Out-Law / Your Daily Need-To-Know

Out-Law Analysis 3 min. read

Three options for managing inflation risk using JCT construction contracts


The current volatile and unpredictable market conditions pose a risk to the success of major projects. However, there are ways that contractors and clients can manage risks associated with inflation in their contracts.

We look at three options available under the JCT suite of standard form contracts that contractors and clients alike should consider at a project’s outset.

Current practices

Deleting the fluctuation provisions in standard form contracts had been an accepted practice for many years. The current shortage of materials and high inflation in the construction market – amid the war in Ukraine – has necessitated a rethink.

We are seeing more negotiations around fluctuation risks where some contractors add a high premium against inflation risk. Others are ready to walk away from projects where the fluctuation responsibility is entirely placed upon them.

Blundell Nigel

Nigel Blundell

Partner

Understanding the financial pressures caused by the current political and economic conditions and providing for them will become an important contractual consideration in the coming months

There is a general reluctance for contractors to commit to fixed price contracts, which clients have been able to expect in the low inflation environment which has prevailed since the early 1990s.

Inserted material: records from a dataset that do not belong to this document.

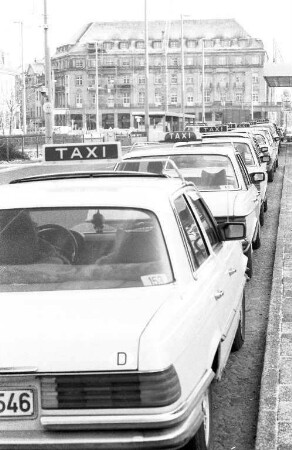 BNN-Leserbrief zum Taxi-Betrieb vor dem Karlsruher Hauptbahnhof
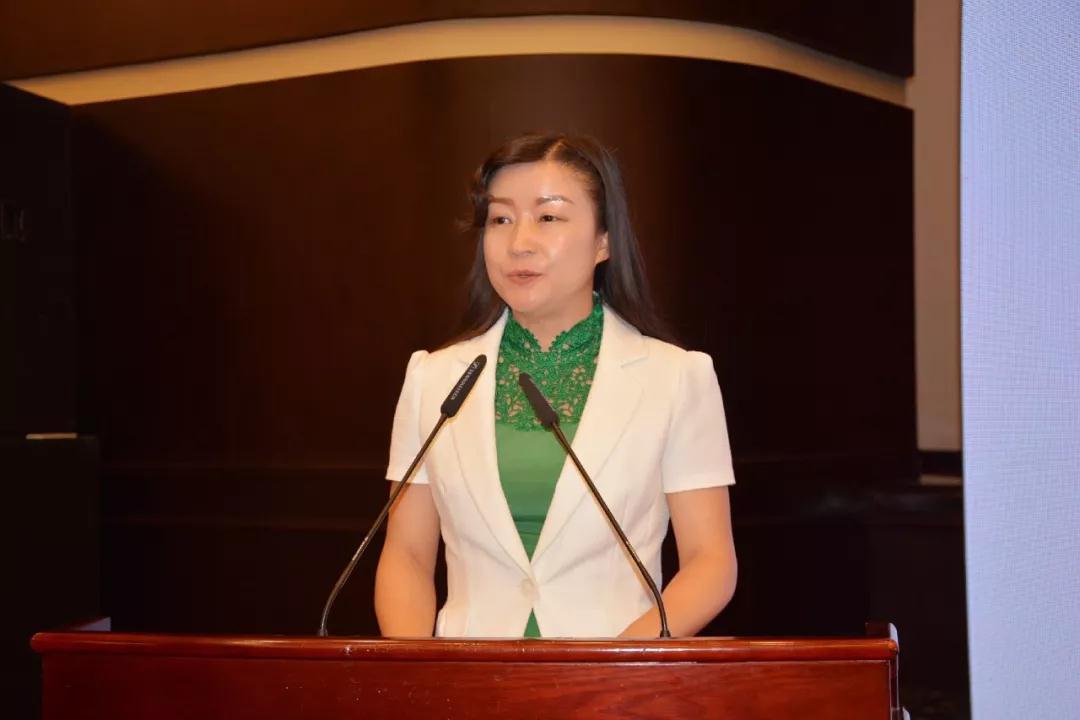 顾问和招商顾问单位颁发聘书;副区长谢国蕾介绍汇川区区情和旅游资源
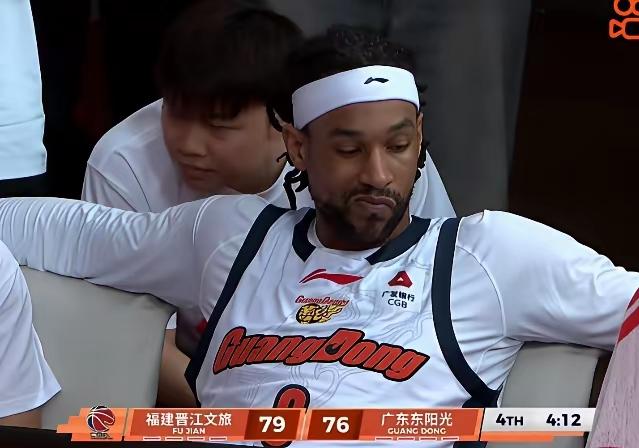 广东队想进季后赛前四，这是唯一的办法了，紧急裁掉萨林杰，更换新的外援！萨林杰，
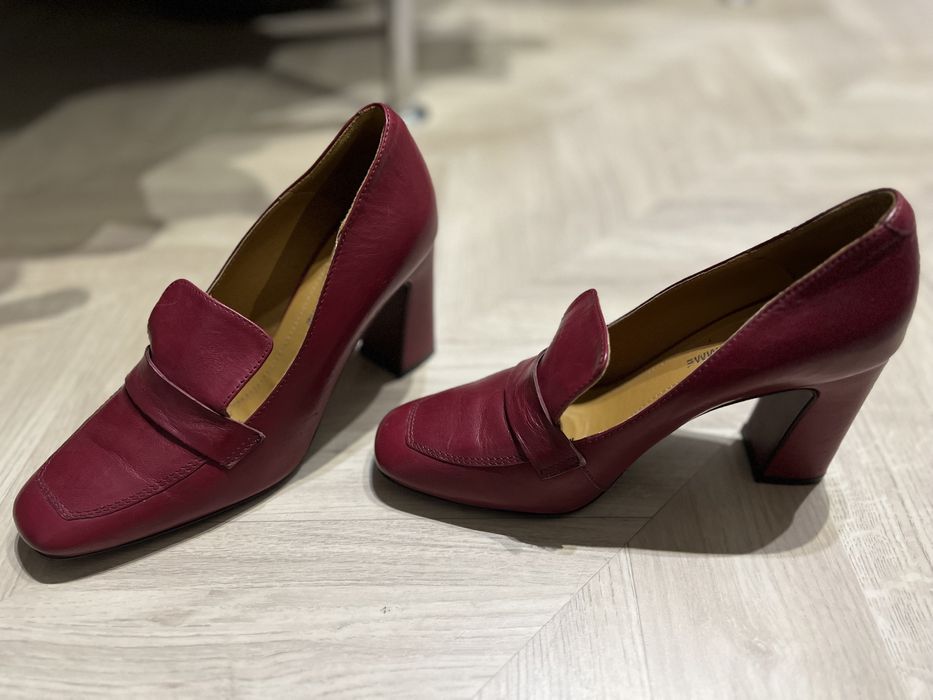 Buty ze skóry naturalnej w kolorze malinowym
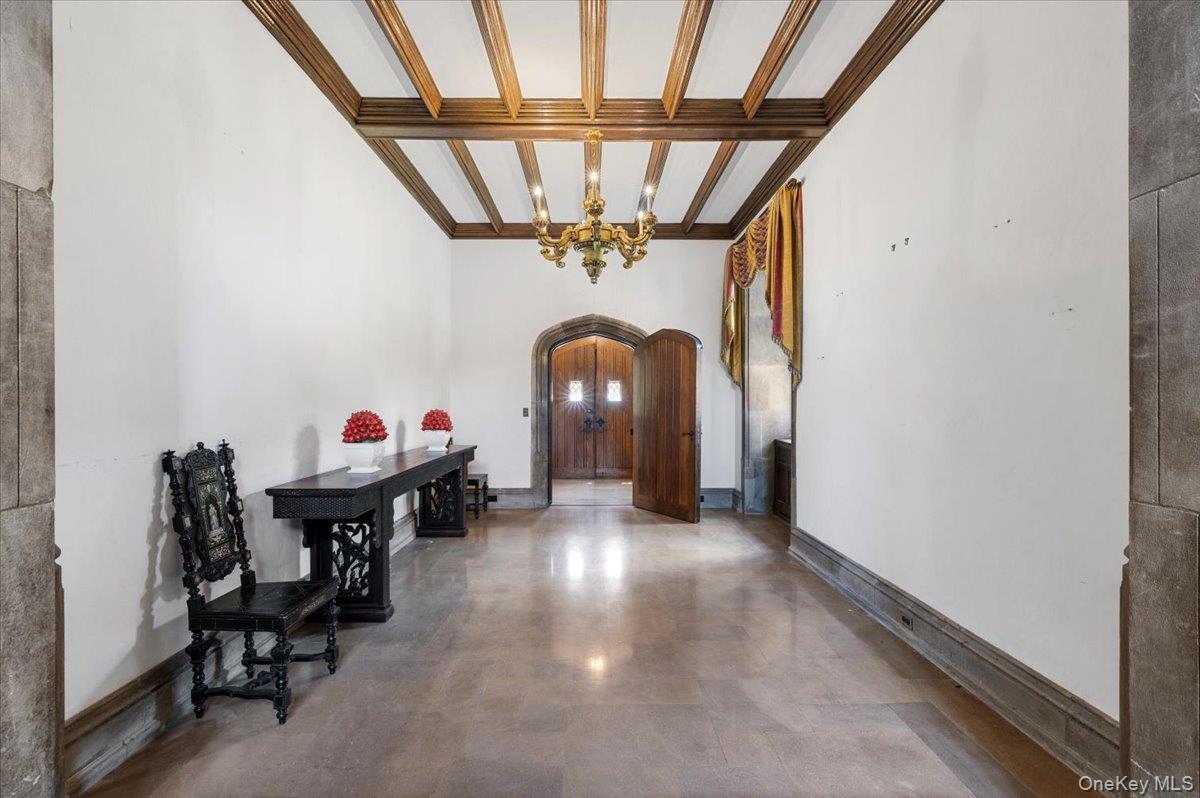 Single Family Horseshoe Nassau County, NY 11765, MLS-885062-11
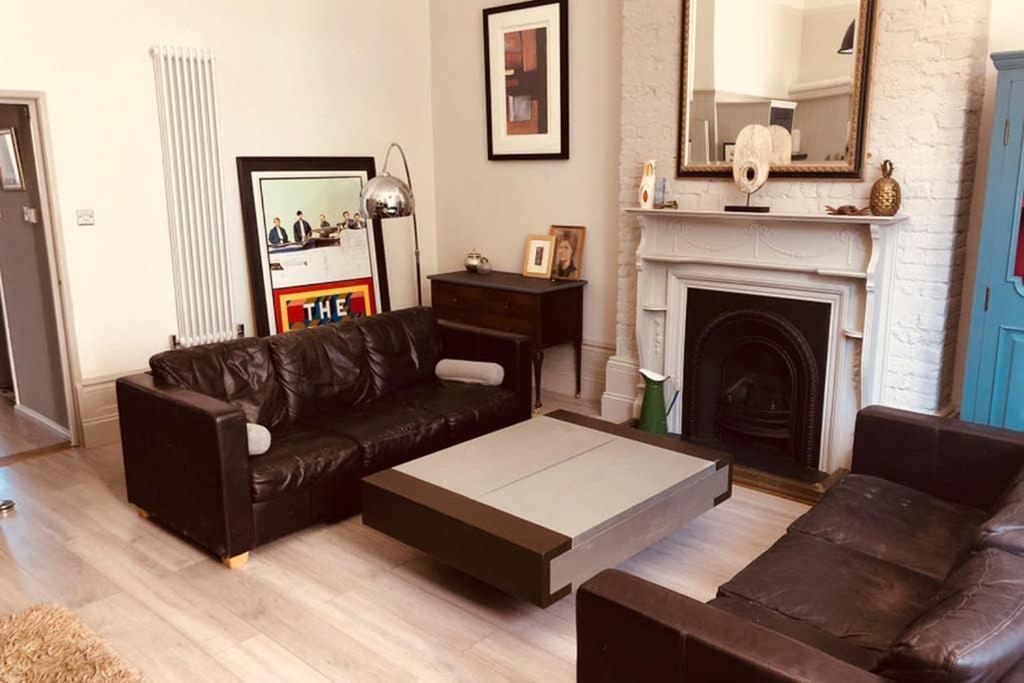 Seaside Escape - Gorgeous 2 Bed Apartment In St-Leonards-On-Sea 哈斯丁 外观 照片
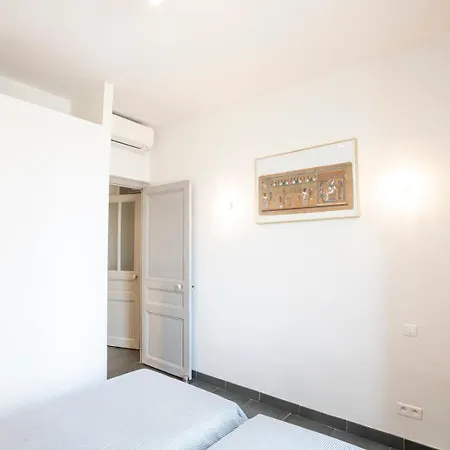 Apartment Bright And Modern 2 Bedroom In The Heart Of Antibes! Antibes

In the absence of fluctuation clauses, the risk of inflation is borne by the contractor and any variation of costs due to inflation is unlikely to affect the contract sum. Whether it is appropriate to include fluctuation clauses is a matter for the parties to assess in the context of each project and based on several factors such as the type of activities, materials to be used, supply chain stability and geographical location.

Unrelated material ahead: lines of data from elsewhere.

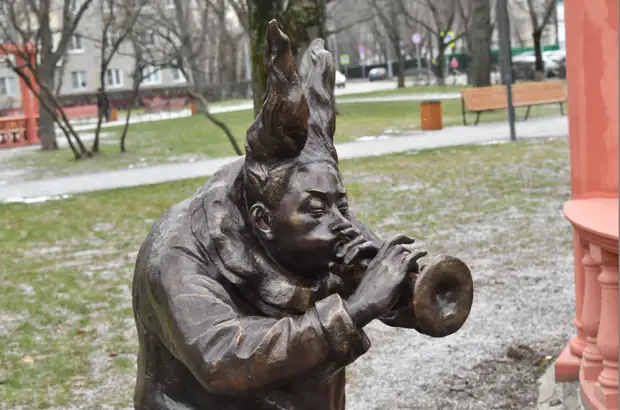 Жоржа из Каштанки вернут в сквер имени Чехова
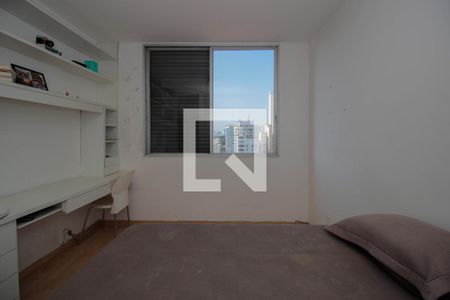 Apartamento à venda com 165m², 3 quartos e 1 vagaQuarto 1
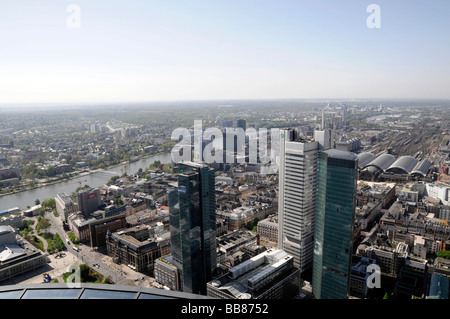 Der Frankfurter Skyline vom Maintower Aussichtsplattform, auf der rechten Seite aus gesehen Bahnhof mit Tracks, Bankenviertel, Frankfur Stockfoto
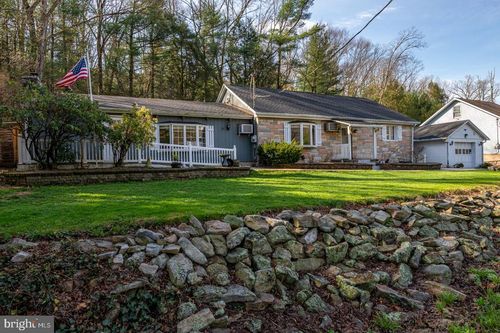 127 Molleystown Rd, PINE GROVE, PA, 17963-8680 | Card Image
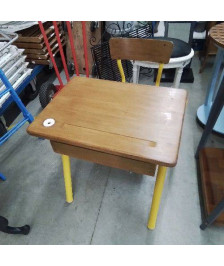 BUREAU D’ECOLIER (ENCRIER EN ACCESSOIRES)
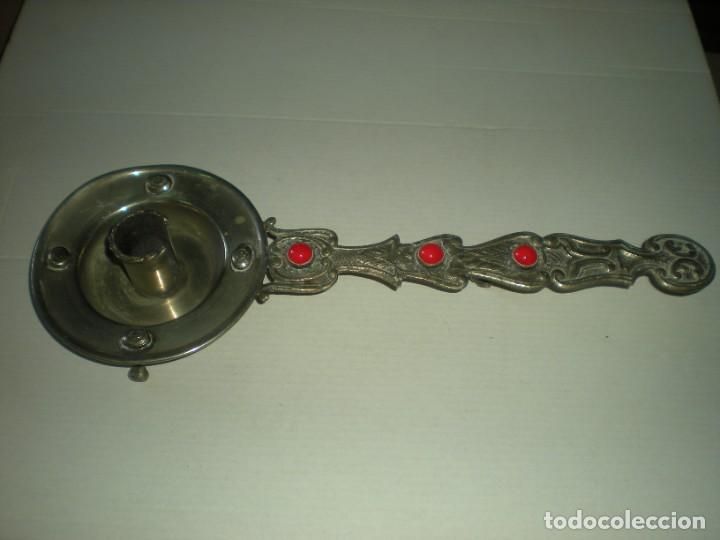 Antig&uuml;edades: PALMATORIA METALICA CON ADORNOS ROJOS Y CHAPA DE COLECCION L30cm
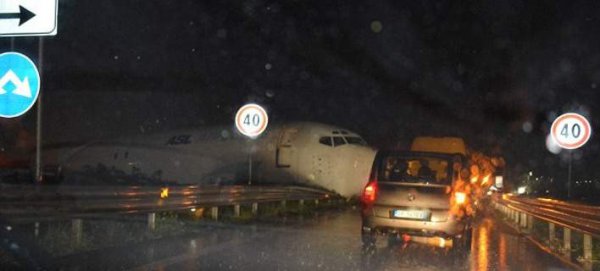 Αεροπλάνο βγήκε από το διάδρομο προσγείωσης και κατέληξε σε… δρόμο! (ΦΩΤΟ)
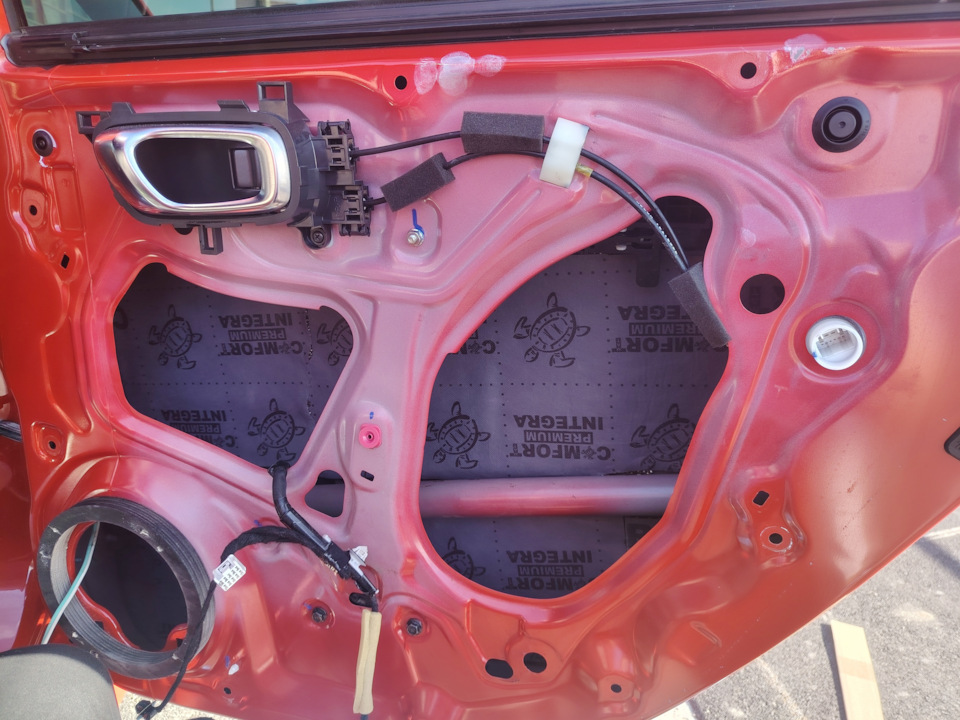 Второй слой. Шумоизоляция ComfortMat Integra — Honda Civic 4D (11G)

The JCT standard form of contract provides three options for dealing with price adjustments that contemplate not only an increase, but also a decrease in the cost in situations where the contract base date is at the peak of the underlying cost.

Option A – Contribution, levy and tax fluctuations

This is a set of clauses that provides for adjustments to the contract sum for alteration in contributions, levies or taxes payable by the contractor in its capacity as employer, or alteration in statutory refunds receivable by the contractor in its capacity as employer. It also allows for adjustments to the contract sum for changes to taxes or statutory duties affecting goods, materials, fuel or electricity.

Use of this provision will not assist in relation to material cost increases. However, they provided a useful mechanism for managing risks of tariff increases as the UK left the European Union and may need to be at the forefront of thinking if the Northern Ireland Protocol is suspended and leads to a trade war and additional tariffs.

Option B – Labour and materials cost and tax fluctuations

When incorporated, this option allows the contract sum to be adjusted for fluctuations to the cost of labour, materials, goods, fuel and electricity – including changes to taxes and statutory duties affecting these.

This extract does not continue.